The good news about this kind of media environment is that it can sustain a lot of niches, that would struggle to take centre-stage in the mainstream public attention. But the down side is it gets harder to break out of those niches. (You don’t see Minecraft shows broadcast on regular TV, do you? Despite viewing figures much larger than many iconic TV shows have fallen to now.) As much as I like the idea of more free-to-air cricket, and would agree the drawbridge got drawn up too quickly on that front in a way that squandered much of the legacy of 2005’s cultural impact, I can understand the logic of administrators thinking the best way to preserve cricket as part of the fabric of the national culture is to get more young people playing it. And if that means funding a lot of community programmes from the pockets of TV subscribers, then so be it.

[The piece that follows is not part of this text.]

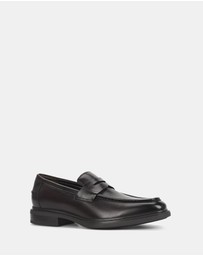 Hush Puppies - Zuko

Realistically, the biggest beneficiaries of bringing back free-to-air Tests would be cricket-enjoying retired people. They could either watch for the first time in years or, if they’d paid for a subscription, could cancel it. Most working people are too busy to tune in for hours of day-time action – the radio or live text, on the other hand, does fit in very nicely, another point Yer Maj has made well before. And the kids mostly wouldn’t tune in anyway. I’m not saying this to poke fun at the pensions by the way, those would be genuine gains. If you were to do a cost/benefit analysis of how such a change affects the general public then letting pensioners reconnect with the game would be a big plus. But if you’re first and foremost thinking of how to sustain the sport, in a way that makes professional cricket commercially viable and allows the funding of community initiatives, then there are costs to free-to-air too, and it’s only fair to acknowledge that.

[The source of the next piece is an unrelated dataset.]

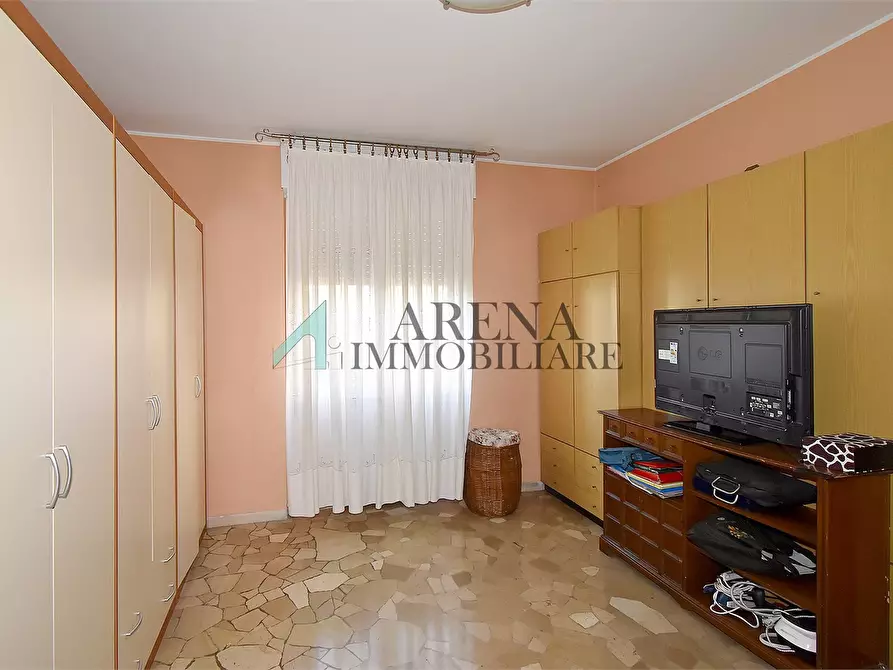 Immagine 9 di Appartamento in vendita  19 a Peschiera Borromeo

The thing that really gnaws at me is that we know very few people who play youth cricket keep the sport up as adults. That’s true for all sports, in fact. So if they do engage with the game, it will mostly be as viewers or spectators. Or maybe that they’ll think it’s a good idea to drag their own kids to the local cricket club in future, so they can have a go too. But in terms of the sport’s commercial base in the long term, is the community of people who grew up playing cricket actually big enough? Is the future for cricket going to look more like (field) hockey – a big enough community to keep the game going, even (with Olympic funding help) sustaining some level of professionalism, but a niche following that rarely breaks into the national consciousness? A lot of cricket fans are people who were never any good at playing the sport, or indeed any sport. For whatever reason, they were sufficiently encultured in cricket for the sport to start making sense, and even become enjoyable as a viewing experience, rather than the weird boring alien thing so many outsiders see it as. Live free-to-air Tests were a surprisingly good way of entering the cricket culture for a non-participant. Commentators spending the time to explain things. Demonstrations in the lunch break, analysis from people who know what they’re talking about. Rarely do highlight reels serve the same purpose. But realistically, putting live Tests back on free-to-air TV won’t have the same effect on the next generation, and we are at most just a couple of decades away from the whole concept of TV as a shared national cultural medium being consigned to the nostalgia bin. And if we can’t rely on that, what can we rely on? A more fragmented, decentralised media environment where algorithms push viewers towards trending content, is going to be “winner takes most” even if it isn’t “winner takes all”, and that’s a dangerous position for a minority sport.
Not cricket’s unique problem of course, may even work in cricket’s favour in places like India! But in the UK it’s the top-level association football teams which stand to benefit most, which partly explains why they’re such lucrative property. On the other hand there are Super League clubs with under 50k Twitter followers (even Wigan who, much as I hate to write it, are one of the biggest clubs in the world, are not much over 100k) and that’s clearly a sport that’s going to struggle to bring in eyeballs or attention as televised matches drop further in importance. I don’t think things are too rosy for Rugby Union either, or even lower-league football unless they can arrange stronger redistributive arrangements from the top tier. Baseball in America is on a bad-looking trajectory for reasons not entirely dissimilar to cricket. The sporting, cultural, and media landscape is going to look very different over the lifetimes of anyone who grew up with the free-to-air cricket of the nineties or early noughties, and if we view minority sports as an important part of our cultural heritage then we need some serious solutions that don’t involve the letters “TV”.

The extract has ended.